I would trade Jarret Jack for Damon Stoudamire in a heartbeat. Damon is a true playmaker and shooter that this team has needed since Terry Porter left.

If the Grizz offer it up, we'd be stupid to not do it...

:biggrin:


----------



## handclap problematic (Nov 6, 2003)

SheedSoNasty said:


> I would trade Jarret Jack for Damon Stoudamire in a heartbeat. Damon is a true playmaker and shooter that this team has needed since Terry Porter left.
> 
> If the Grizz offer it up, we'd be stupid to not do it...
> 
> :biggrin:


Why get Damon when we just might be able to trade for Derek Anderson? I remember when the Rockets signed him they mentioned that he could play all 5 positions. I think that we could relaly use his toughness and overall versatility on our young team. He we also help unite the team as a veteran leader. Plus, he is a winner. He did win a championship this past season. Pull the Effing trigger. 
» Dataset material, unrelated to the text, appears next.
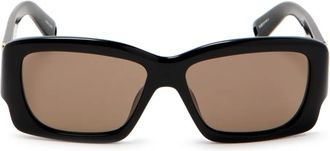 Jacquemus square-frame sunglasses - Black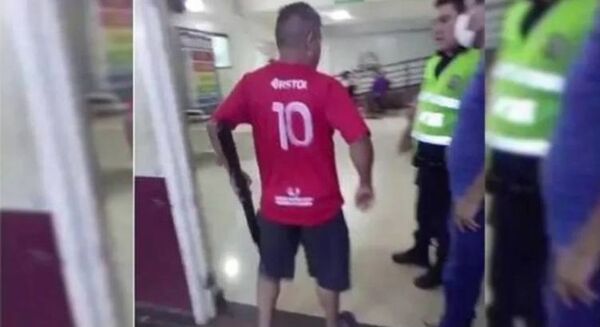 Con escopeta fue al hospital para vengar la muerte de su hermano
(by the way, is "effing" considered masking a curse word? I didn't intend to, cause I actually just really wanted to say effing. But it seems to reside in a small valley located somewhere in the grey area.)

On another note: Imagine a starting backcourt of Damon Stoudamire and Derek Anderson.............droooool

prunetang


----------



## Public Defender (May 5, 2003)

handclap problematic said:


> I remember when the Rockets signed (Derek Anderson) they mentioned that he could play all 5 positions.


That's hilarious. 

DA's five positions would be: waterboy, benchwarmer, cheerleader, towel fluffer, and jockholder.


----------



## SheedSoNasty (Dec 31, 2002)

Did you guys see that DA actually started a game the other day for the Bobcats?

WTF?


----------



## PapaG (Oct 4, 2004)

So in the bizarro world of bbf.com, Jarret Jack is untouchable and Zach Randolph should be traded ASAP. Did anyone consider that moving Roy to the point opens up the 2 for Webster? I say this because Webster is not a 3 and that is the one area this team needs to improve to become a contender over the next few years. Throw in that Roy was basically unstoppable on the pick and roll in the three healthy games he had to start the year, and that having a spot-up shooter at the 2 like Webster makes much more sense than having Jack playing out of position.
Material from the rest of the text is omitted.